Question

Evaluate the following telescoping series or state whether the series diverges. $$ \sum_{n=1}^{\infty} \frac{1}{n^{13}}-\frac{1}{(n+1)^{12}} $$

Short answer

The series converges.

Step-by-step solution

Identify the terms of the sequence

The series given is \(\sum_{n=1}^{\infty} \left( \frac{1}{n^{13}} - \frac{1}{(n+1)^{12}} \right)\). It consists of two main expressions: \(\frac{1}{n^{13}}\) and \(-\frac{1}{(n+1)^{12}}\).

Analyze the series type

This is a telescoping series, which typically simplifies due to cancellation of consecutive terms. Let's examine how these terms may cancel by writing out the first few terms explicitly.

Write out initial terms

Substitute initial values of \(n\) into the series to see the pattern:- For \(n=1\), \(\frac{1}{1^{13}} - \frac{1}{2^{12}}\)- For \(n=2\), \(\frac{1}{2^{13}} - \frac{1}{3^{12}}\)- For \(n=3\), \(\frac{1}{3^{13}} - \frac{1}{4^{12}}\)Observe that terms do not easily cancel in a telescoping manner due to different exponents.

Check convergence

Since simple cancellation doesn't occur, evaluate if individual sequence terms lead to convergence. The series can be viewed as two separate series:\( \sum_{n=1}^{\infty} \frac{1}{n^{13}} \) – convergent because p-series with \(p=13>1\).\( \sum_{n=1}^{\infty} \frac{1}{(n+1)^{12}} \) – also convergent because p-series with \(p=12>1\).

Key concepts

Convergence of Series

When we talk about the convergence of a series, we are interested in whether the sum of an infinite sequence of numbers approaches a specific value.
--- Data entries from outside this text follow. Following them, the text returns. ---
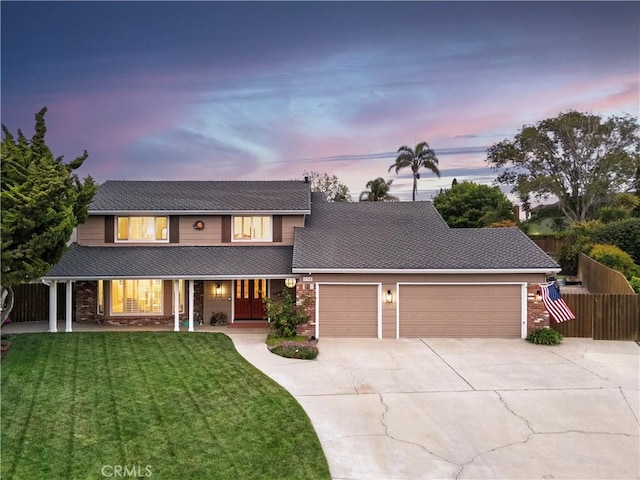 4368 Manchester Ct, Santa Maria, CA 93455 - traditional-style house with driveway, an attached garage, brick siding, and covered porch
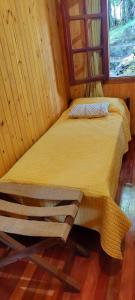 a bed in a wooden room with a window at Cabaña Guabiroba in Dos de Mayo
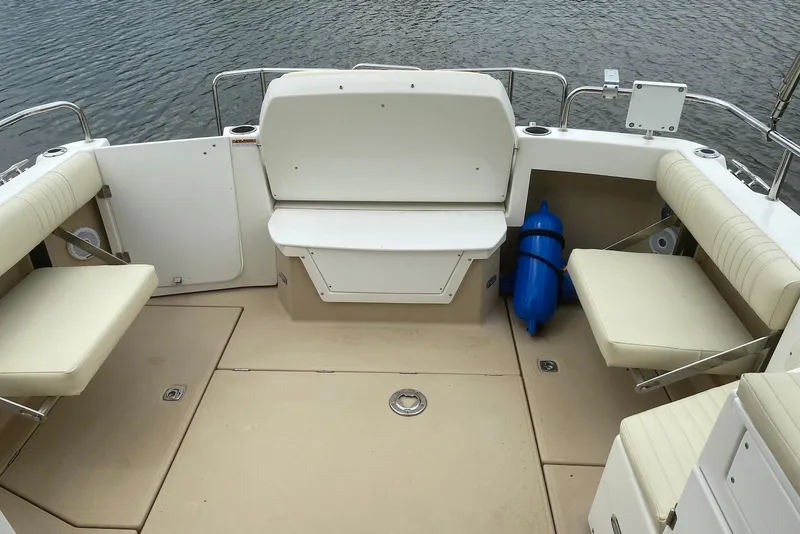 Slide: The Image of 2013 Cutwater 28 boat deck with beige seating and blue fender. - 12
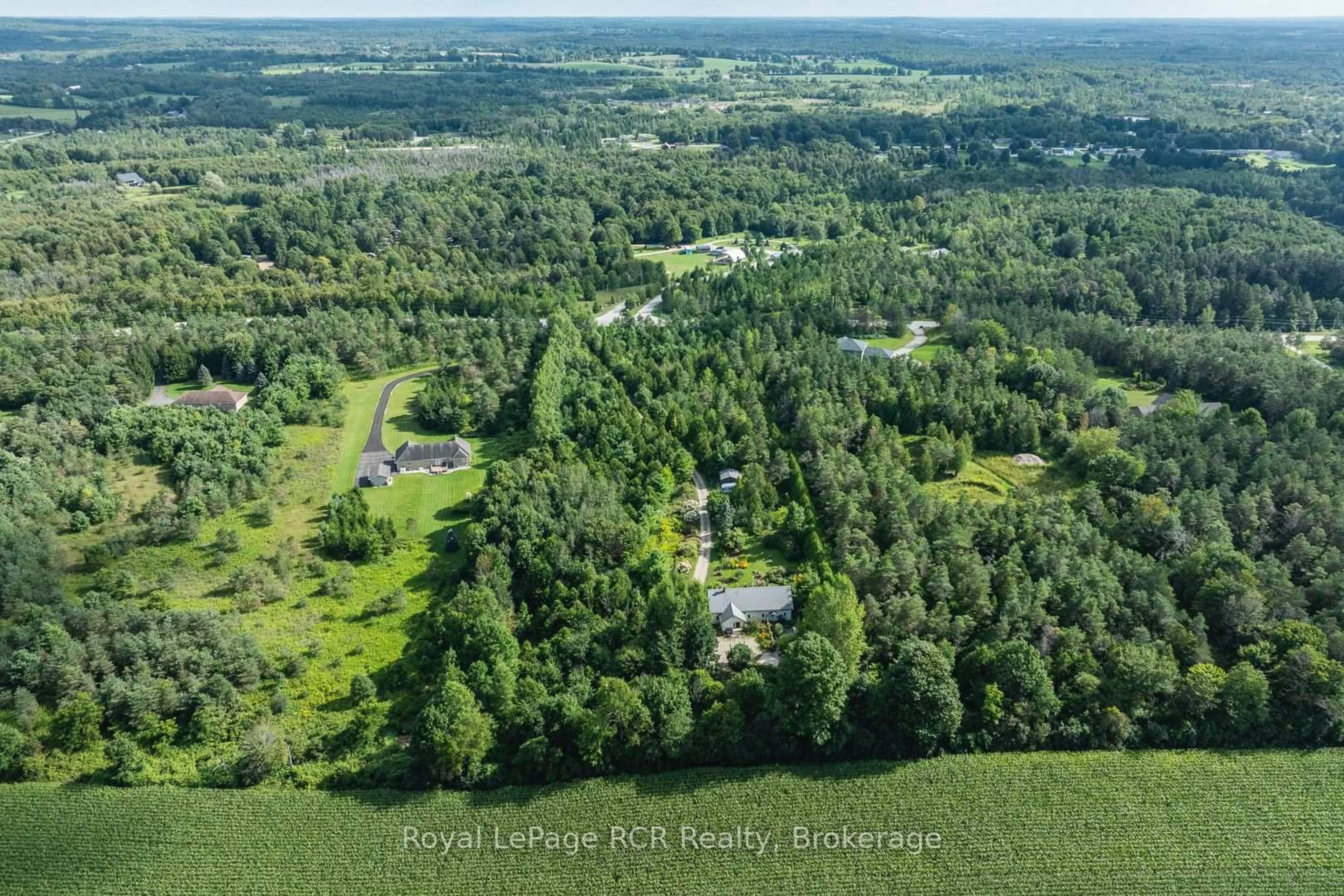 A pic from outside/outdoor area/front of a property/back of a property/a pic from drone, forest/trees view for 323199 Durham Rd, West Grey Ontario N0G 1R0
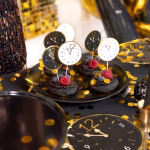 Set de 6 toppere rotunde din carton pentru tort de Revelion, ilustrând fețe de ceas care indică apropierea miezului nopții, dintre care trei au fundal alb cu contur auriu și trei au fundal negru cu detalii aurii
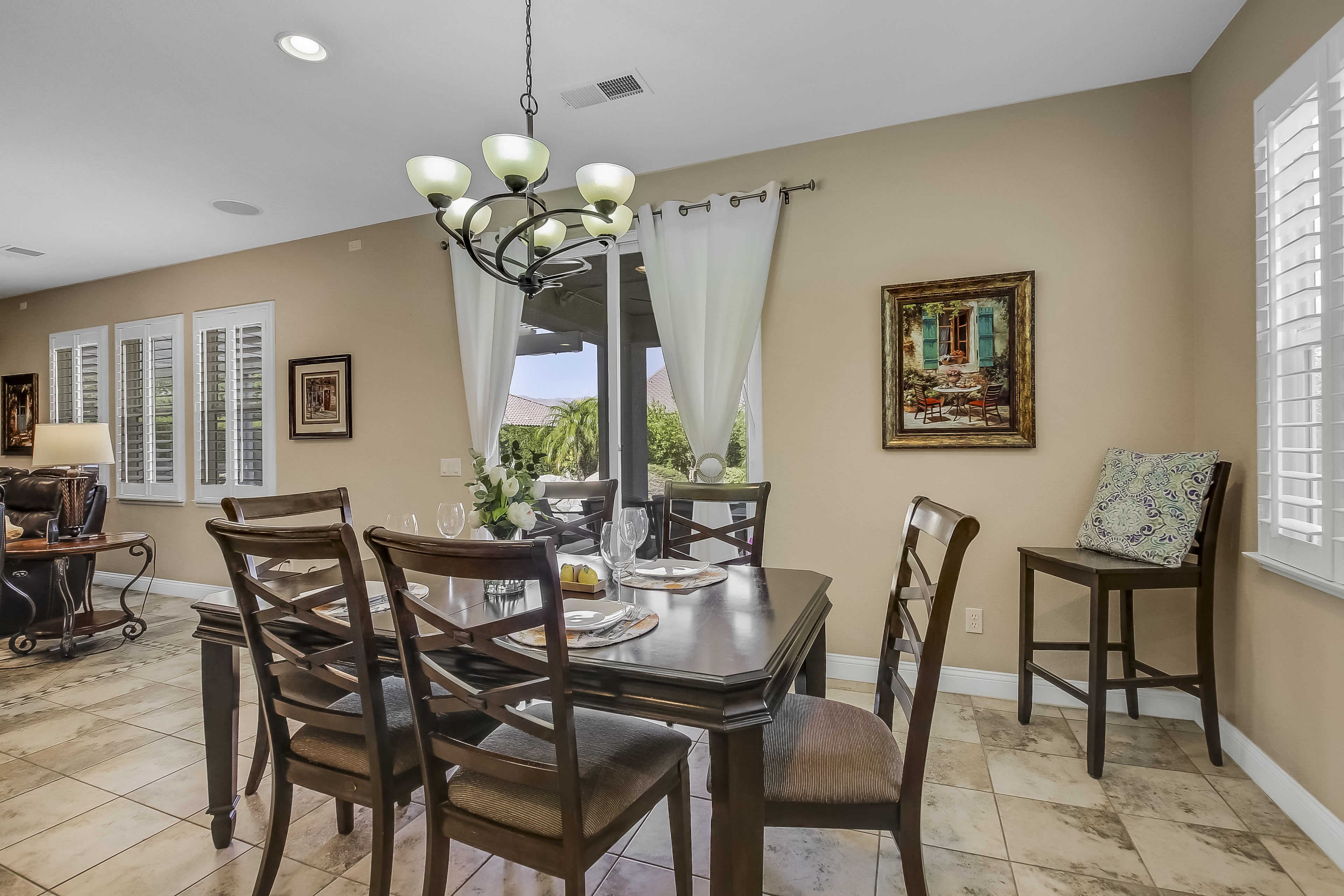 A dining area features a wooden table set for a meal, surrounded by chairs, with a chandelier overhead and windows letting in natural light.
If it does, the series converges; if not, it diverges. Determining the convergence of a series is crucial because it tells us if the series behaves in a predictable way.

To check convergence, various tests can be applied depending on the series type. In our case, we have a telescoping series where cancellation usually occurs among terms. However, this example did not simplify as traditionally expected because the terms had different exponents. Nonetheless, assessing convergence is still possible by treating it as two separate series.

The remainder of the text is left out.